Student Entrepreneurs at eStem Get Their Own Space: The Vault

by Mark Carter  on Monday, Jul. 21, 2014 8:02 am  

The Vault internal incubator for Noble Impact entrepreneurship students at eStem High School opened for the 2014-15 academic year. (Photo by Mark Carter)

Students, it could be argued, represent our most valued assets. This school year at eStem Public Charter High School in Little Rock, those assets will be kept in the Vault.

The Vault is an internal incubator for student entrepreneurs in the Noble Impact program at eStem. It is set inside what once served as the underground vault of the former Federal Reserve Bank at Third and Louisiana streets in downtown Little Rock. The building now serves students in grades 9-12 as eStem High. 

Noble Impact is a nonprofit that introduced its public-service focused, student-entrepreneurship program to eStem last year. It was made an official part of the school's high-school cirriculum for the 2014-15 academic year, which for eStem students began last week.

Beginning this school year, the "Noble 101" class is required for eStem sophomores while "Noble 201" is available for rising juniors and seniors who participated in the inaugural Noble class last school year. Eventually, Noble co-founder Chad Williamson, who leads the program at eStem, hopes to offer an introductory course for freshmen and an advanced course for seniors that would entail internships at local businesses.

Noble 201 will function more like a startup accelerator, Williamson said, and interested students coming out of Noble 101 will have to apply for admission into the second-level class. 

Williamson teaches six sections from the Vault, five Noble 101 classes and one Noble 201 class.

This past spring, Noble introduced a sample of its program over two weeks to eStem third graders, housed across the street from the high school in the former Arkansas Gazette building. Williamson hopes to make that a permanent component to the program. 

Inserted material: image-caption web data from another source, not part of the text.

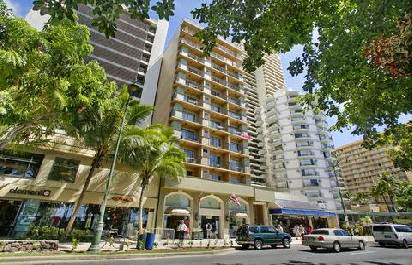 Aston Waikiki Beachside in Honolulu: Hotel Rates & Reviews on Orbitz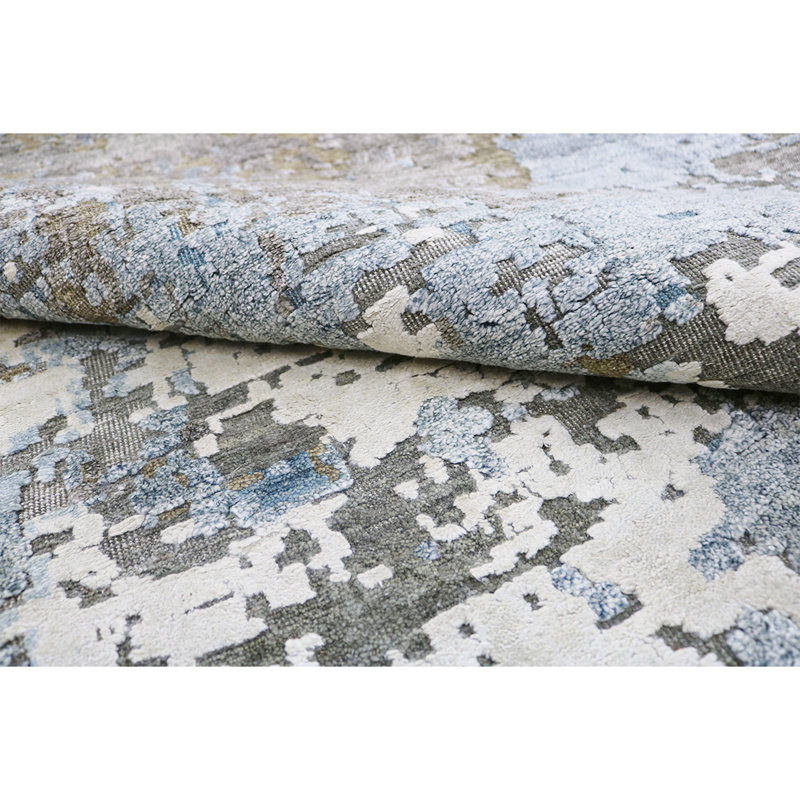 Cantebury Wool Area Rug, Rectangle 9'11" x 13'11"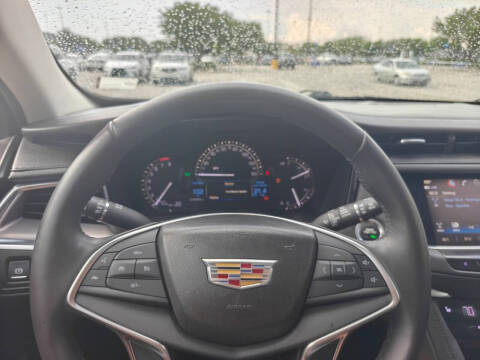 2018 Cadillac XT5 Luxury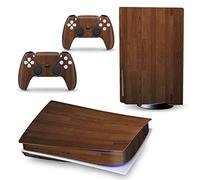 Senza Bolle, Senza Schiuma Pelle Decalcomanie Anime Console Per PS5 Disk Edition 2 Controller Pellicola Vinile Avvolge, Durevole, Resistente Graffi 48278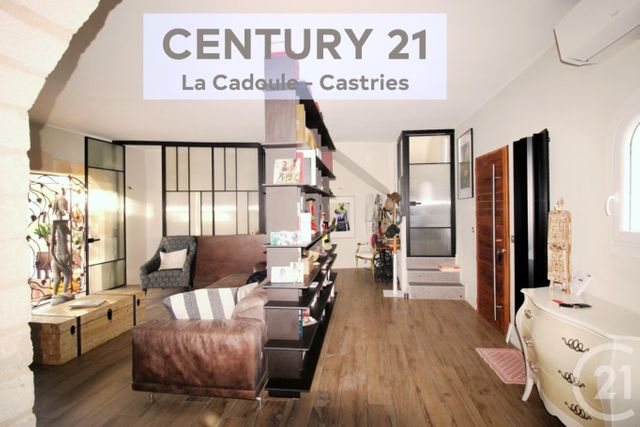 maison à vendre - 8 pièces - 350.0 m2 - RESTINCLIERES - 34 - LANGUEDOC-ROUSSILLON - Century 21 La Cadoule
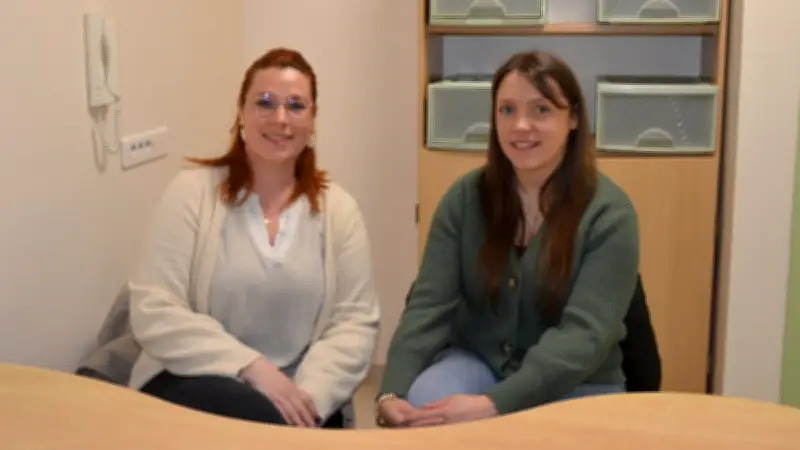 Deux infirmières libérales s'installent à la maison de santé des Haut-Cantons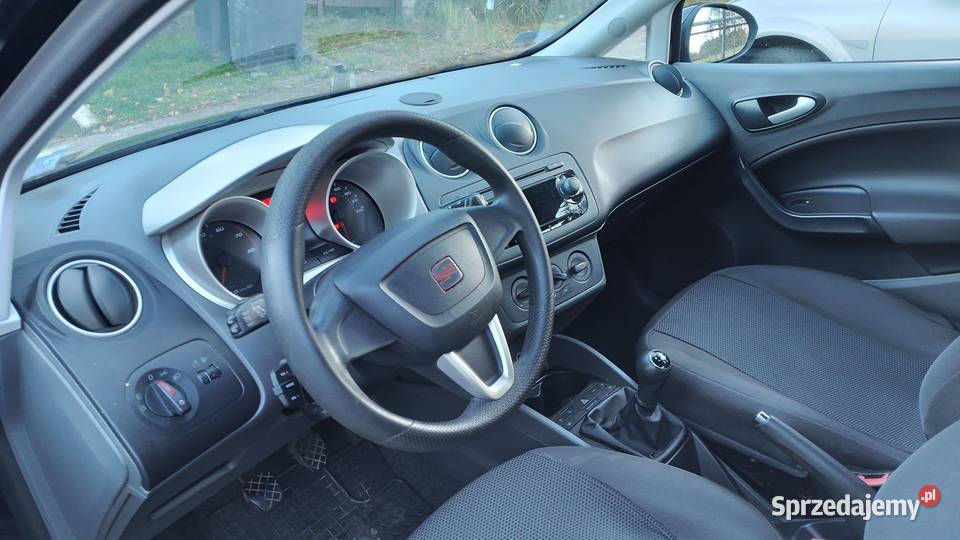 Seat Ibiza 14 16V Style elektryczne lusterka Samochody osobowe Przyłęków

Meanwhile, the Vault will serve as Noble students' entrepreneurship lab at eStem. At about 1,000-SF, it looks exactly like what was built to be: a vault.

Williamson wants to let students' creativity and innovation guide its transformation over the course of the school year. He wants students to "think out of the box and into the vault." 

Students' first project will be a design competition for the space. 

"Right now, it's just a work space," Williamson said. "We want to give it to the students and make it a collective space. For this design challenge, they'll pitch their ideas and explain why their design is better. I want an internal conversation about innovation and education."

Williamson said innovation takes training just like any sport, and the training Noble students receive will focus on public service. The goal is for Noble Impact students to set themselves up for personal success, but also for public service.